Tra il 10 ed il 14 marzo 2025, presso la Biblioteca Centrale della Casa Circondariale Lorusso e Cutugno, si è tenuto un laboratorio sulla “Comunicazione non violenta”, un progetto delle Biblioteche Civiche Torinesi e Circolo dei Lettori.
Il laboratorio, condotto da Irene Zagrebelsky, ha coinvolto un gruppo di detenuti e detenute della Casa Circondariale Lorusso e Cutugno sulla comunicazione nonviolenta, un modo di entrare in relazione ponendo l’attenzione sui sentimenti e sulle emozioni, sui bisogni, per poter trasformare pensieri e giudizi ascoltando sé stessi e gli altri con empatia.
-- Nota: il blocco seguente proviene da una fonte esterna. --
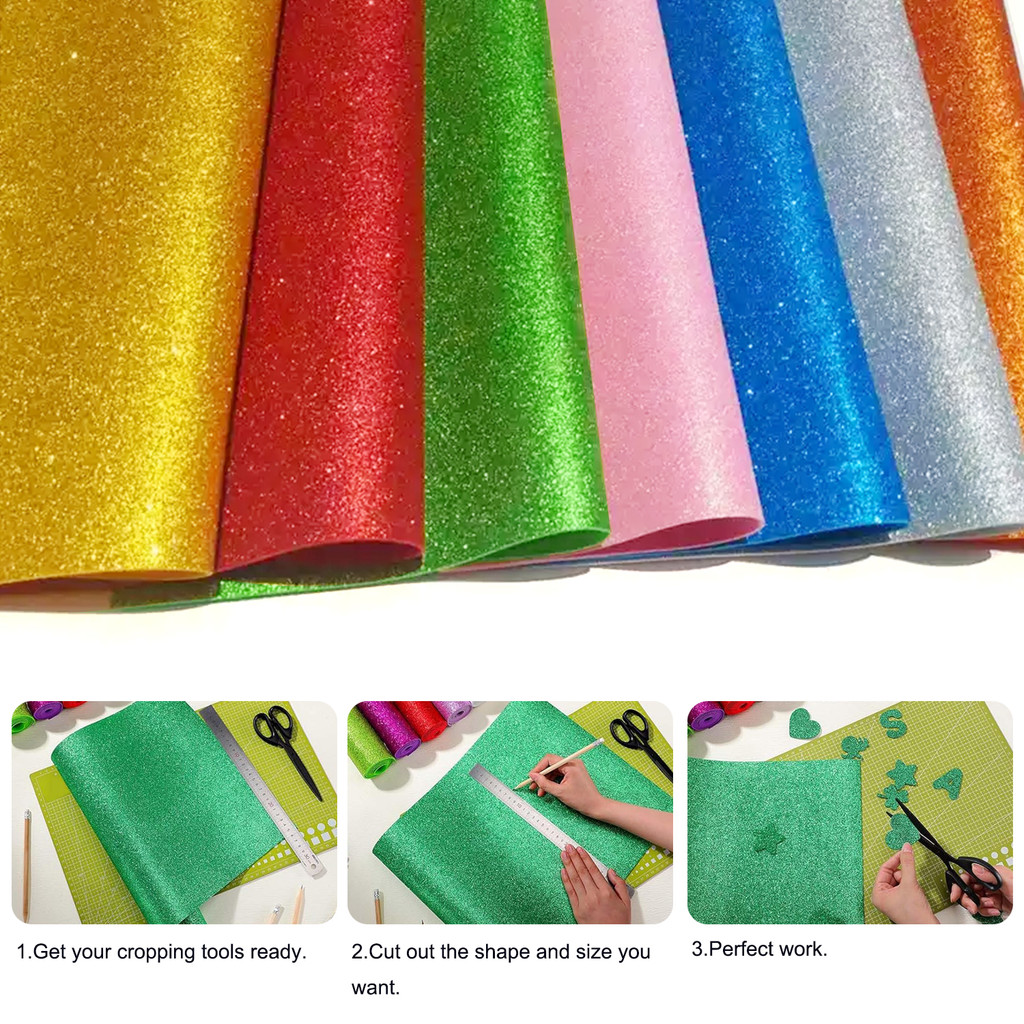 40x60cm Glitter Foam Sheets Colorful Sparkle Foam Paper for Christmas Craft DIY Projects Classroom Decor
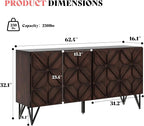 AMERLIFE 63” Solid Acacia Wood Sideboard Buffet Cabinet, Hand-Carved Geometric - Image 2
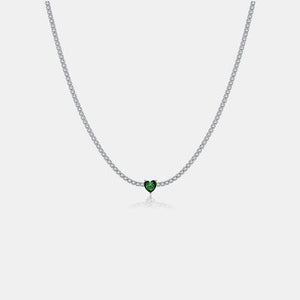 Inlaid Zircon Heart 925 Sterling Silver Necklace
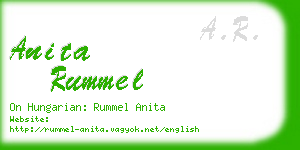 anita rummel business card
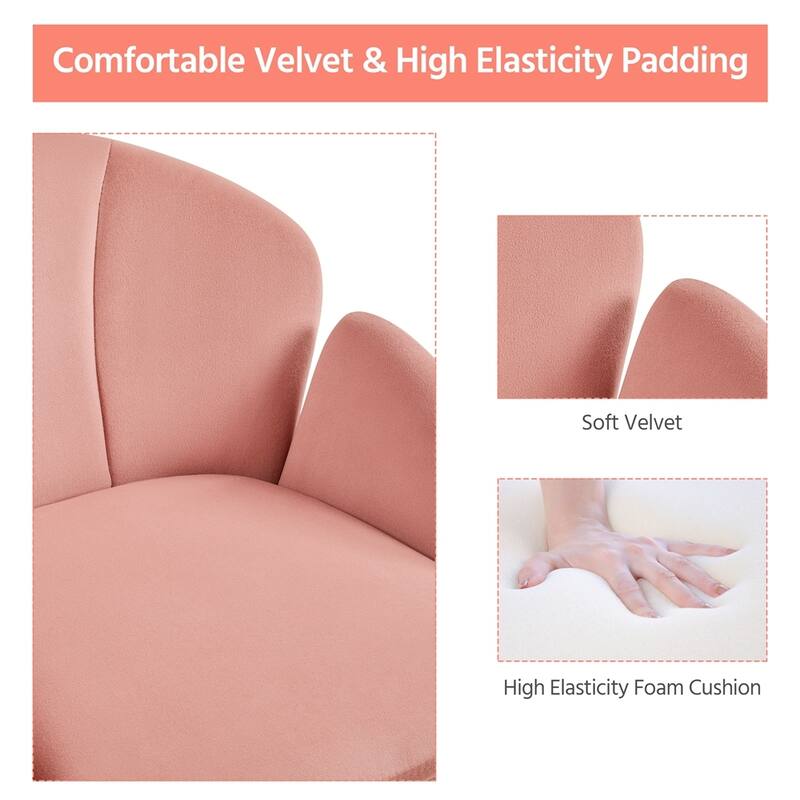 Yaheetech Modern Swivel Rolling Desk Chair Makeup Vanity Chair for Home Office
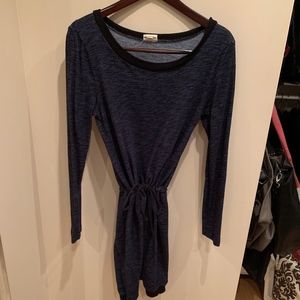 Blue/Black T-shirt Dress with cinch waist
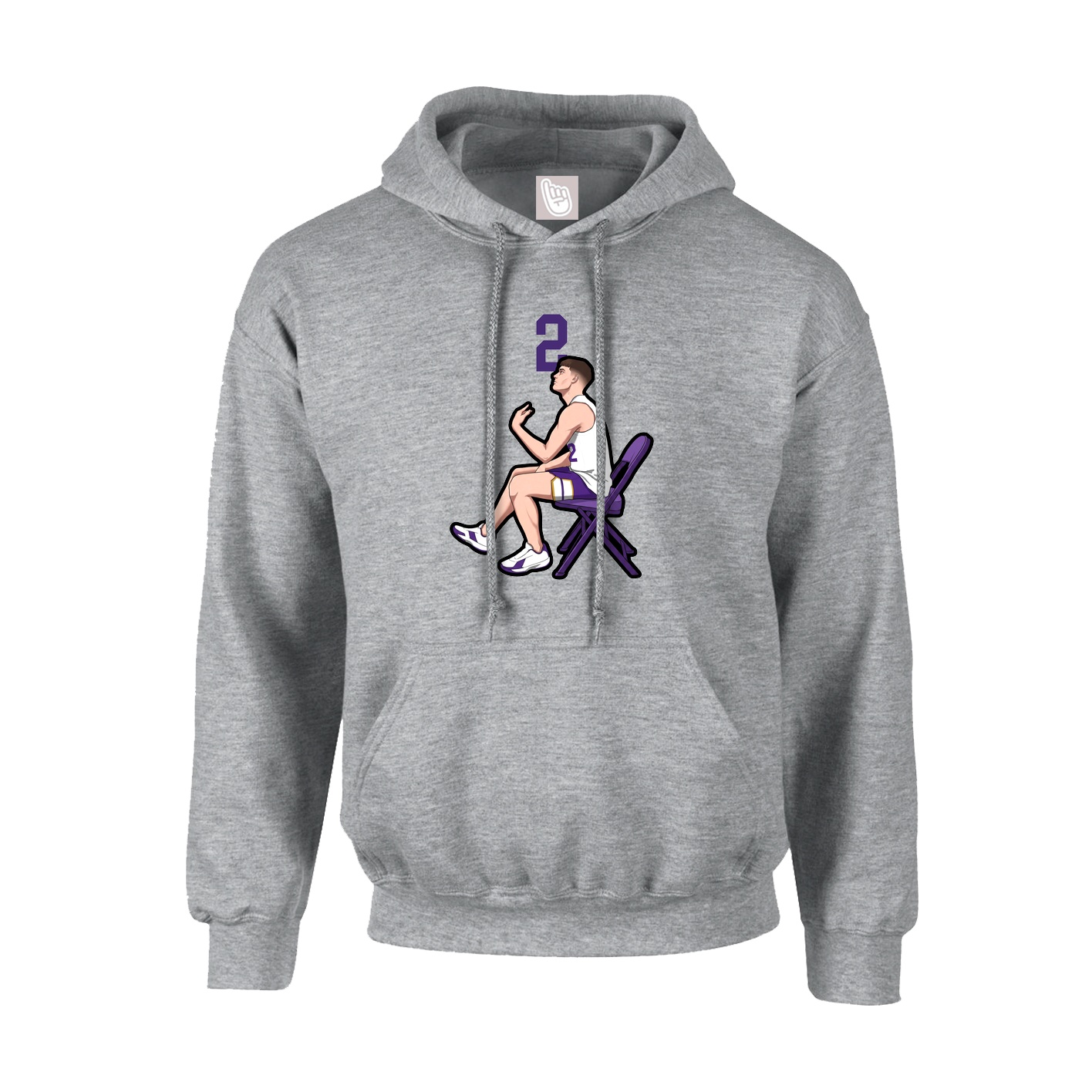 Youth Hoodie — Number Top in Grey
“Qual è il nostro funzionamento quando siamo in situazioni difficili e di conflitto? Quando siamo arrabbiati, cosa succede dentro e fuori di noi? Come possiamo gestire le emozioni in modo che non siano distruttive per noi stessi e per gli altri?”
L’aspirazione del laboratorio intendeva creare un cerchio di dialogo in grado di mettere i partecipanti nella condizione di potersi esprimere liberamente attraverso un ascolto reciproco, per capire come si gestiscono i momenti di conflitto.
Cosa funziona nella nostra esperienza? Cosa non funziona? Cosa possiamo imparare l’uno dall’altro? Come ci si può dare sostegno nella quotidianità e nelle difficoltà della vita carceraria?
Di seguito il rcconto dell’esperienza da parte della conduttrice Irene Zagrebelsky.
In cerchio con la Comunicazione nonviolenta
“Nessuno educa nessuno, nessuno si educa da solo, gli uomini si educano insieme con la mediazione del mondo” Paulo Freire
Le sedie sono in cerchio nella sala della Biblioteca Civica presso la Casa Circondariale Cotugno e Lorusso di Torino. Sarebbe bello poter aggiungere ancora qualche sedia, aprire il cerchio a tutte le persone che hanno chiesto di partecipare ma più di 24 sedie è proprio impossibile.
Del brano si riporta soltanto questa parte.